(Aim of the task): Could you repeat the data word for word while skipping the pictures?

Pictures with short captions:

%%

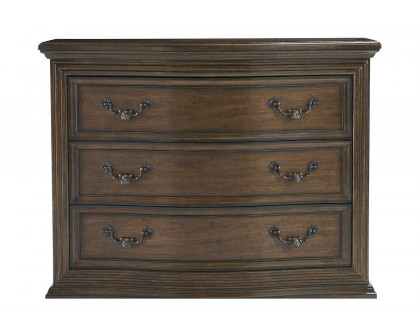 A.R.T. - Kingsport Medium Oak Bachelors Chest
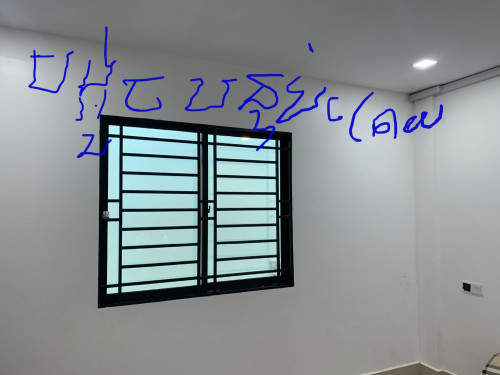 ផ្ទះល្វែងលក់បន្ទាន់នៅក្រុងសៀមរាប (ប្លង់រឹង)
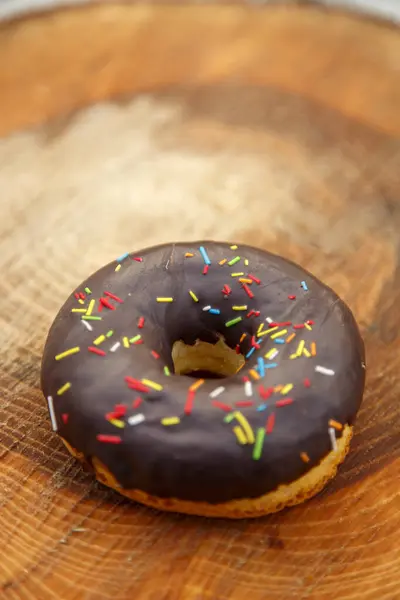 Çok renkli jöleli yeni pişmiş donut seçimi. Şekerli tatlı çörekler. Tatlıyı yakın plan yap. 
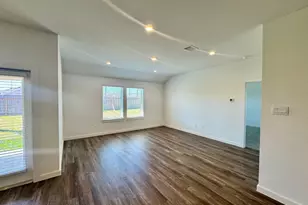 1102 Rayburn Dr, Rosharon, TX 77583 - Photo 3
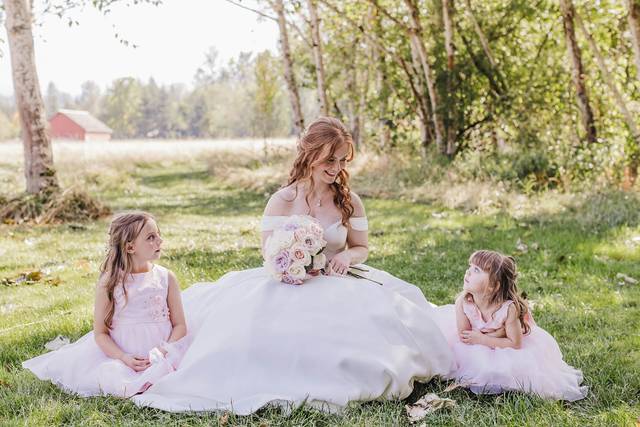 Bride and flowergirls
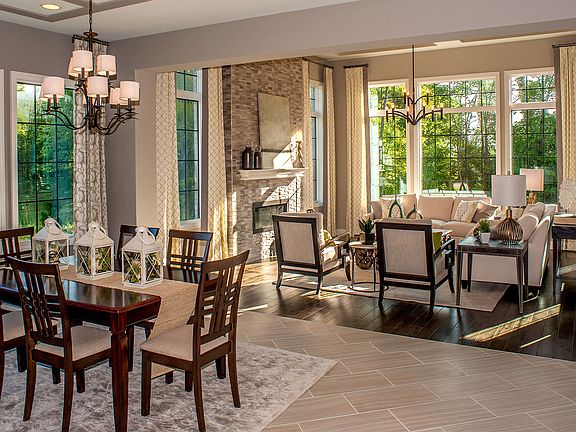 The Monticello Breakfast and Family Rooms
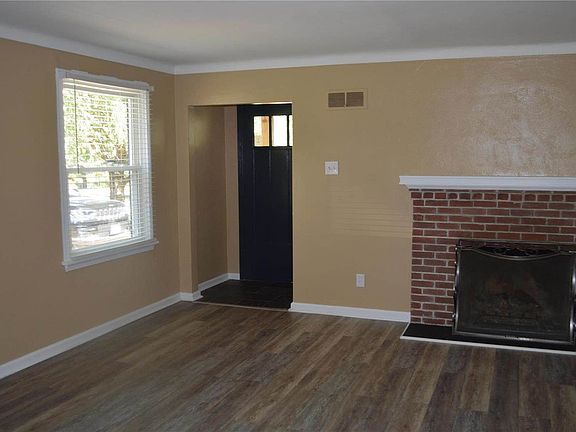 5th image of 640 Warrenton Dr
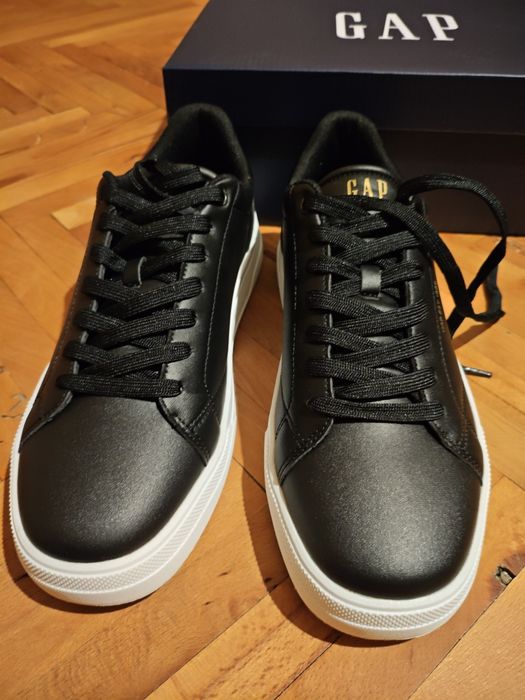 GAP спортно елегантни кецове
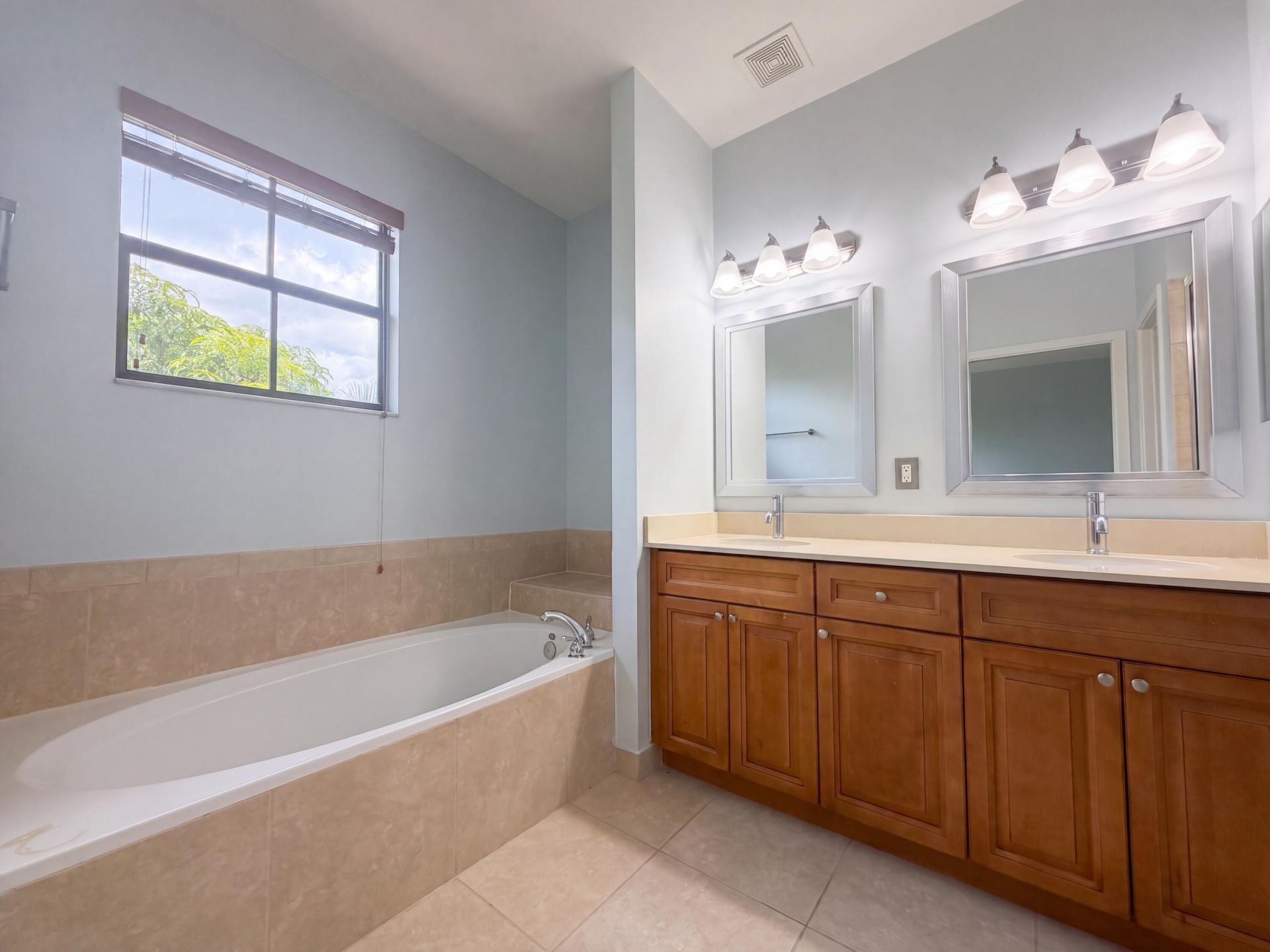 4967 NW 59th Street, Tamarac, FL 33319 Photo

%%

(Answer to this exercise):
 A.R.T. - Kingsport Medium Oak Bachelors Chest
 ផ្ទះល្វែងលក់បន្ទាន់នៅក្រុងសៀមរាប (ប្លង់រឹង)
 Çok renkli jöleli yeni pişmiş donut seçimi. Şekerli tatlı çörekler. Tatlıyı yakın plan yap. 
 1102 Rayburn Dr, Rosharon, TX 77583 - Photo 3
 Bride and flowergirls
 The Monticello Breakfast and Family Rooms
 5th image of 640 Warrenton Dr
 GAP спортно елегантни кецове
 4967 NW 59th Street, Tamarac, FL 33319 Photo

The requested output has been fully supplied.